• Thirty percent of financial services marketing leaders stated in our survey that creating a customer experience function is their top priority over the next two years
  • The customer experience function represents the customer’s perspective with all customer-facing functions in the organization
  • The five foundational elements of a successful customer experience function are useful insights, aligned strategy, lifecycle mapping, measurement and communication

In our discussions with financial services marketing leaders, one common strategic priority seems to be top of mind – how to best impact customer experience. In fact, in the most recent SiriusDecisions CMO Study, 30 percent of financial services respondents indicated that “creating a customer experience/customer engagement function” is the top-priority organizational change anticipated over the next two years.

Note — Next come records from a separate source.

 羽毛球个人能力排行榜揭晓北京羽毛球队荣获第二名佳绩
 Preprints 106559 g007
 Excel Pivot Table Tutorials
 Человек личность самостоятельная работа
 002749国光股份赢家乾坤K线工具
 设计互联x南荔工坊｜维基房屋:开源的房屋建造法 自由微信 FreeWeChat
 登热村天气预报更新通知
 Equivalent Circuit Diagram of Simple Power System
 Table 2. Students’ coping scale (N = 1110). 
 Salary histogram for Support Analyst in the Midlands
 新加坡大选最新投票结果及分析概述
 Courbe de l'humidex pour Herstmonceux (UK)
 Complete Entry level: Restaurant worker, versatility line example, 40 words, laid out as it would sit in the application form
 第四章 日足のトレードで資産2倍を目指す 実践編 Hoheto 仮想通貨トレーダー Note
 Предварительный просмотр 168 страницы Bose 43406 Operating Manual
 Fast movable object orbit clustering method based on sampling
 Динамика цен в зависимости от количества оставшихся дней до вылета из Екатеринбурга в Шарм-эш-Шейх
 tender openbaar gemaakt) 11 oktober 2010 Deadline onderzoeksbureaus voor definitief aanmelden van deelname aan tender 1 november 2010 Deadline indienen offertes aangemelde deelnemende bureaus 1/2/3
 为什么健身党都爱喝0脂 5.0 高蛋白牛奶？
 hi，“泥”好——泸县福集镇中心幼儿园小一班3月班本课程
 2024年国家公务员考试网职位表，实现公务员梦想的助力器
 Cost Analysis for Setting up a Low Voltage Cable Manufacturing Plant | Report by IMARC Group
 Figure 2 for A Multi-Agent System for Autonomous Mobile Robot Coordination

Building a best-in-class customer experience function requires alignment with all customer-facing functions in the organization, and the customer experience function serves as the hub. To effectively align the customer experience function’s activities across the larger organization, five foundational elements are essential:

  • Insights. An essential role of the customer experience function is to demonstrate and quantify the customer’s perspective for the organization’s customer-facing functions. Doing this effectively requires a comprehensive strategy for gathering customer insights and efficiently distributing them to the organization. The customer experience function should lead efforts to collect relationship feedback (e.g. Net Promoter Score® [NPS]®, customer loyalty research). In addition to traditional customer insights like NPS and customer engagement, financial services organizations often use other types of customer insight, including social media monitoring, common customer complaints, or engagement levels on research portals or customer portals.
  • Strategy. Customer experience strategy must be developed in collaboration with every function that delivers some part of customer experience (e.g. sales, marketing, product, service, support). The strategy should outline what happens in the customer lifecycle and whose role it is to deliver it. Organizations with a relationship-driven sales function (e.g. investment banking, wealth management, commercial banking) often leave the customer experience strategy to the sales function, as clients tend to prefer interacting with a person they have established a relationship with. In this case, the customer experience function must develop a cohesive strategy and mechanisms to measure organizational compliance.
  • Lifecycle mapping. Coordination keeps strategy on track, and customer lifecycle mapping is one of the best ways to accomplish it. Mapping helps to inventory and visualize what happens (or needs to happen) during the customer lifecycle.
  • Measurement. Measurement provides visibility into performance and issues relating to customer experience and tracks the long-term impact of experience investments. Experience metrics tend to be key performance indicators that reflect the efforts of multiple functions (e.g. loyalty, retention, customer lifetime value). The experience team should be a neutral observer of these higher-level outcomes and objectively evaluate their causes.
  • Communication. Communication is a key element of customer experience success and should be embedded in many aspects of the customer experience foundation. Internal communication informs the organization about what’s happening in terms of insights, strategy and measurements. The customer experience function should define the communication policy in a service-level agreement with risk and compliance, monitor compliance and establish oversight procedures.